### Study material:
Segment Open

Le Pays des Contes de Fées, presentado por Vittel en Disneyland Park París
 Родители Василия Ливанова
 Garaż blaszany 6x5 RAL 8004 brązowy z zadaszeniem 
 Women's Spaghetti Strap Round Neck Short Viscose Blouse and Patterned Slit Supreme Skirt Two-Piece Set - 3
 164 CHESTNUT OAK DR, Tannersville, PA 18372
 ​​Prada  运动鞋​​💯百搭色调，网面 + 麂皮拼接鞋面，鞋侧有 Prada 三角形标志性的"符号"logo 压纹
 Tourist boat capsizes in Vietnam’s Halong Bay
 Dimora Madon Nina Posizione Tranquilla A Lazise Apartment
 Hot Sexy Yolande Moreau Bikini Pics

Segment Closed

### Problem statement:
Begin at the line containing "164 CHESTNUT OAK DR, Tannersville, PA 18372" and reproduce each line through the end of the records above.

### Result:
 164 CHESTNUT OAK DR, Tannersville, PA 18372
 ​​Prada  运动鞋​​💯百搭色调，网面 + 麂皮拼接鞋面，鞋侧有 Prada 三角形标志性的"符号"logo 压纹
 Tourist boat capsizes in Vietnam’s Halong Bay
 Dimora Madon Nina Posizione Tranquilla A Lazise Apartment
 Hot Sexy Yolande Moreau Bikini Pics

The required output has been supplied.